Makmun berjalan sambil diam dan tangannya memetik buah anggur di bejana serta memakannya. Kemudian ia maju dan mencium kening Imam. Ia memberi seikat anggur kepada Imam dan berkata, Wahai anak Rasulullah! Aku tidak melihat anggur yang lebih baik dari anggur ini. Imam menjawab, “Tapi anggur surga lebih baik dari yang ini. Makmun kemudian berkata, silahkan makan anggur ini. Imam menolaknya. Tapi Makmun bersikeras memberi buah yang telah diracun kepada Imam.
Imam tersenyum dengan kecut.

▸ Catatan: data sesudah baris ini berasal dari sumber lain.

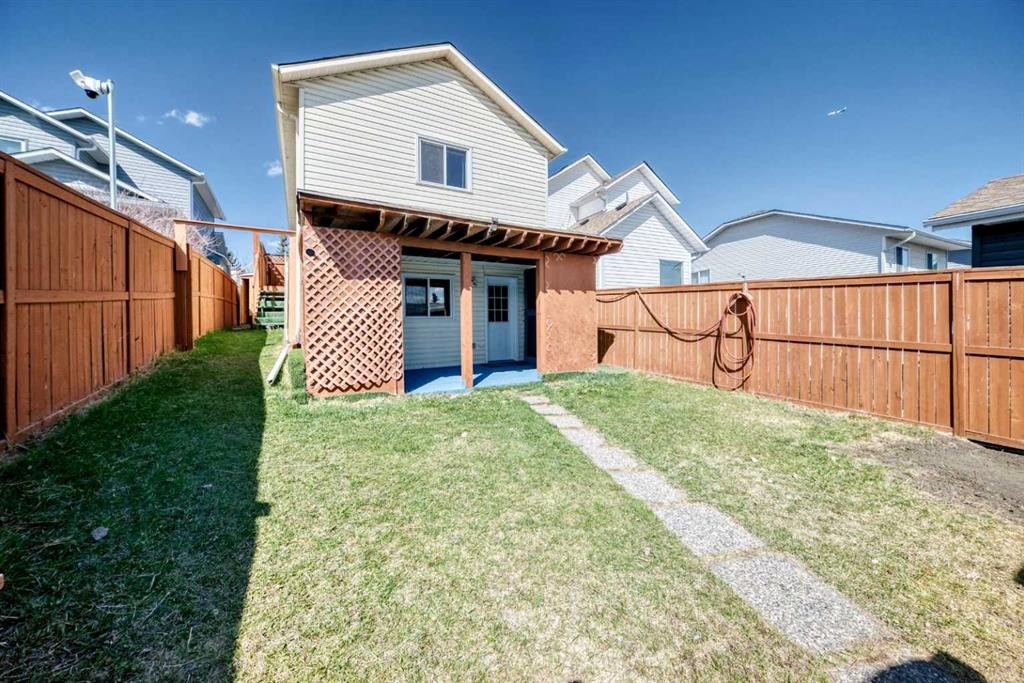 51 Covington Rise Ne, Calgary, AB - Outdoor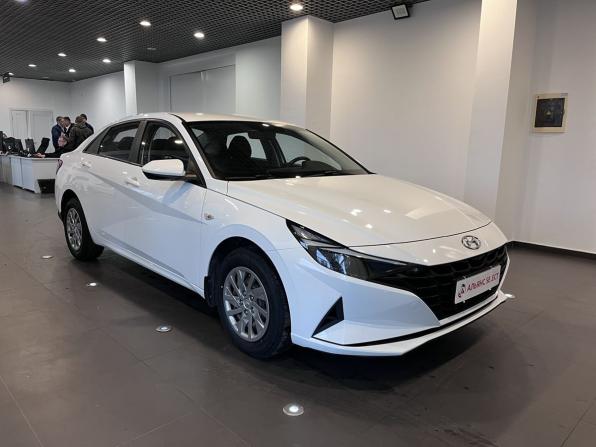 Hyundai Elantra VII (CN7) с пробегом 2022 года, цена 2 020 000 рублей, 107355 км, седан, Автокод Объявления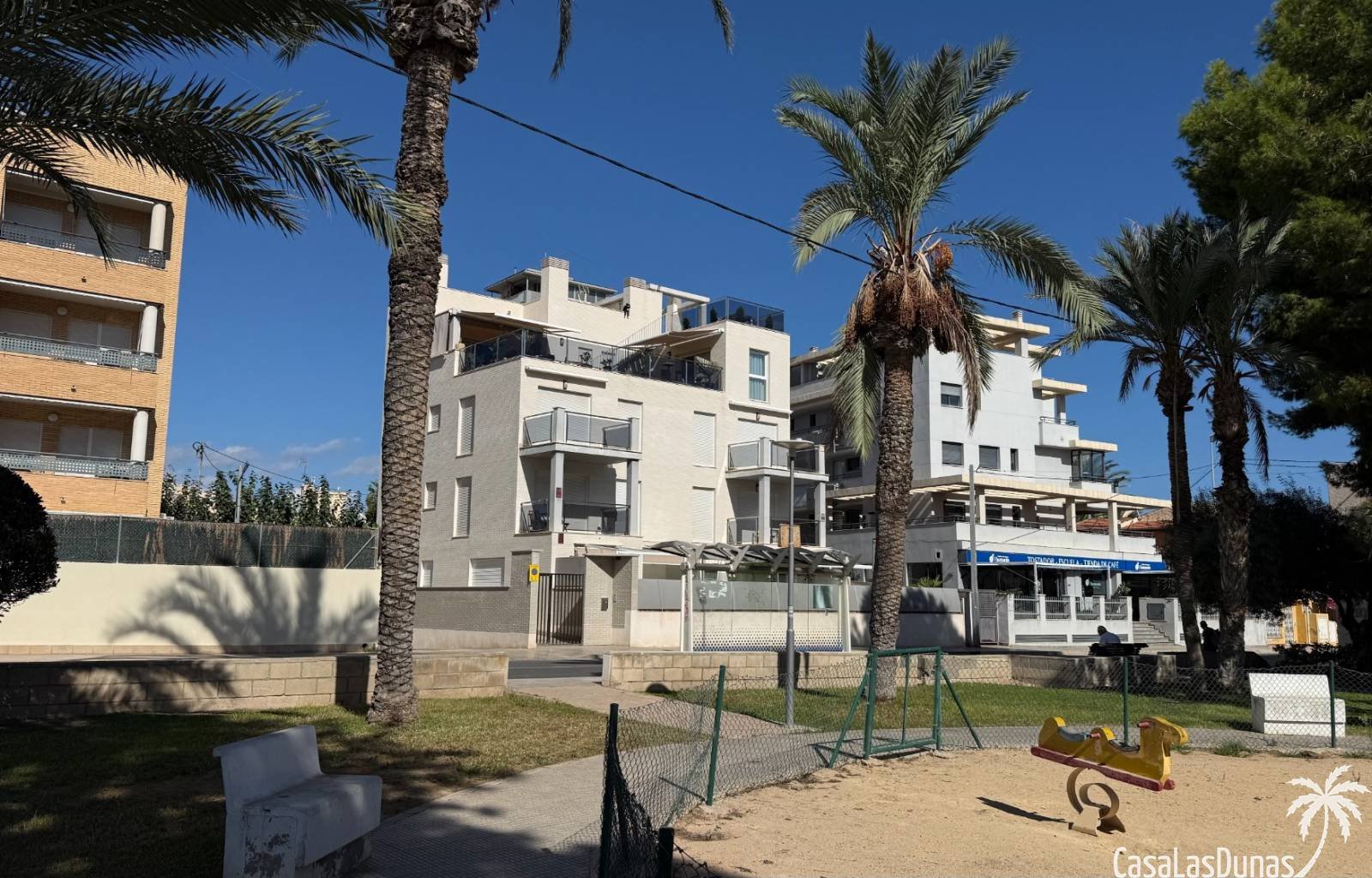 An der Grenze zwischen El Campello und Alicante, in Playa Muchavista und nur 200 Meter vom Strand entfernt, befindet sich dieser kleine, moderne Komp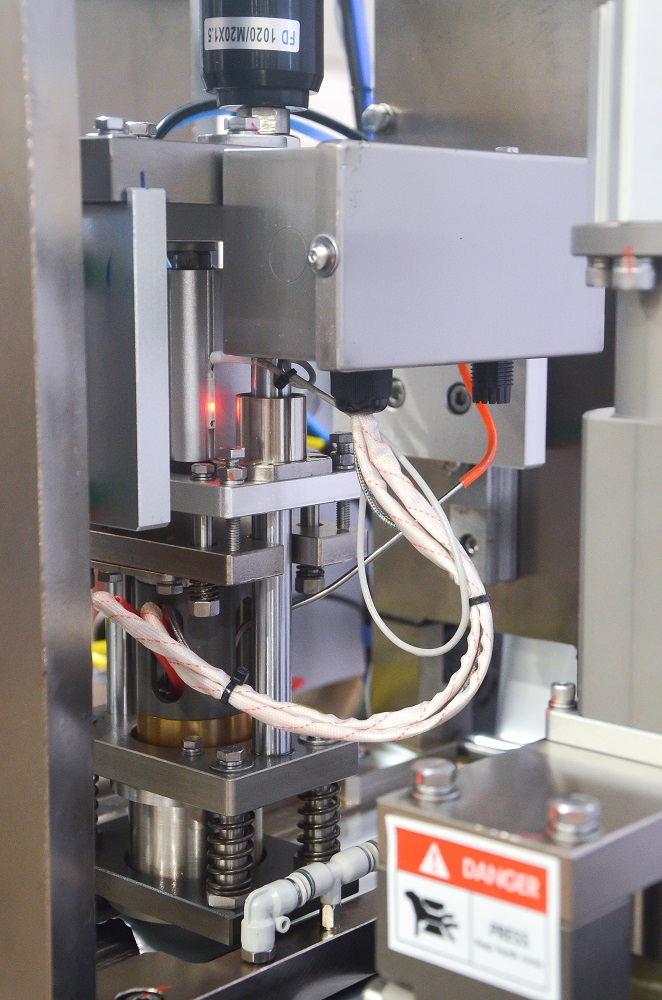 Outer film cutting sealing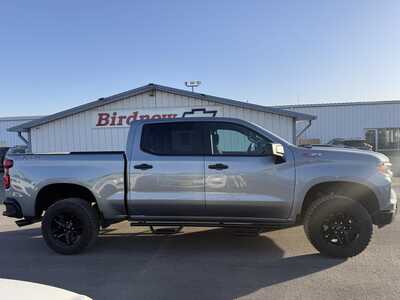 2025 Chevrolet 1500 Crew Cab, $41699.00. Photo 1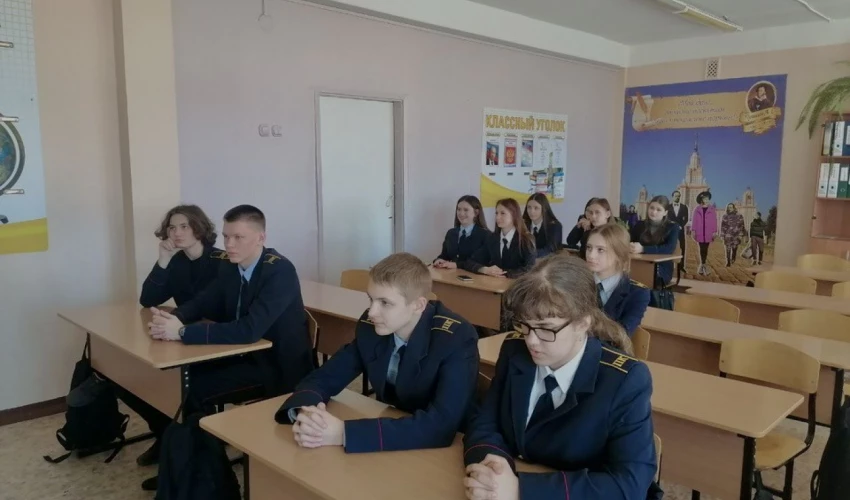 К Дню местного самоуправления депутаты Ачинска провели ещё одиннадцать встреч со студентами и школьникам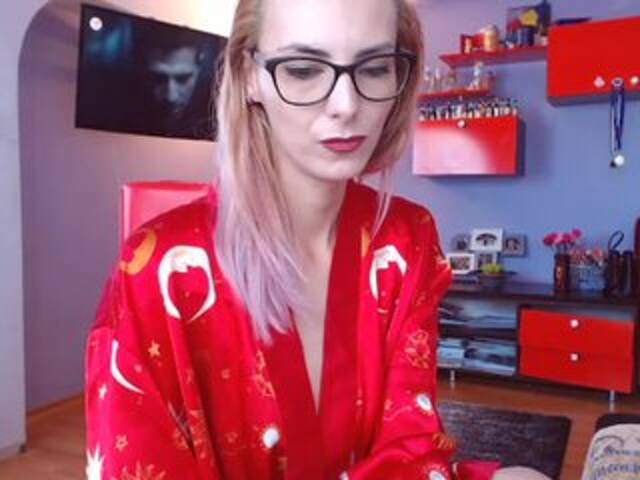 Broadcast screenshots AnnaDimond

Saat itu, kulit beliau langsung pucat dan kondisinya berubah. Kemudian beliau melempar anggut tersebut ke tanah dan bangkit. Dengan lesu, beliau berjalan. Abu Salt, salah satu sahabat dekat Imam Ridha yang tidak menyadari apa yang terjadi dengan Imam, sangat gembira ketika menyaksikan Imam muncul. Ia gembira karena berada di sisi salah satu keturunan Rasulullah, Imam Ridha as. Menurutnya adalah mentari yang menerangi hati-hati yang telah siap dan memberi mereka kehidupan.
Abu Salt yang tengah merenung akhirnya menyadari kondisi tak wajar Imam Ridha as. Ia menyadari bahwa Makmun telah menggunakan tipu daya terakhirnya. Ia kemudian melolong dan menangis, tapi nasi sudah menjadi bubur. Tak lama kemudian Imam Ridha as gugur syahid. Hari itu adalah hari terakhir di bulan Safar tahun 203 H.
Meski Imam Ridha gugur syahid dalam kondisi terasing, namun cahaya hidayahnya yang disampaikan Allah Swt melalui Ahlulbait Nabi untuk kebahagiaan manusia tidak pernah padam.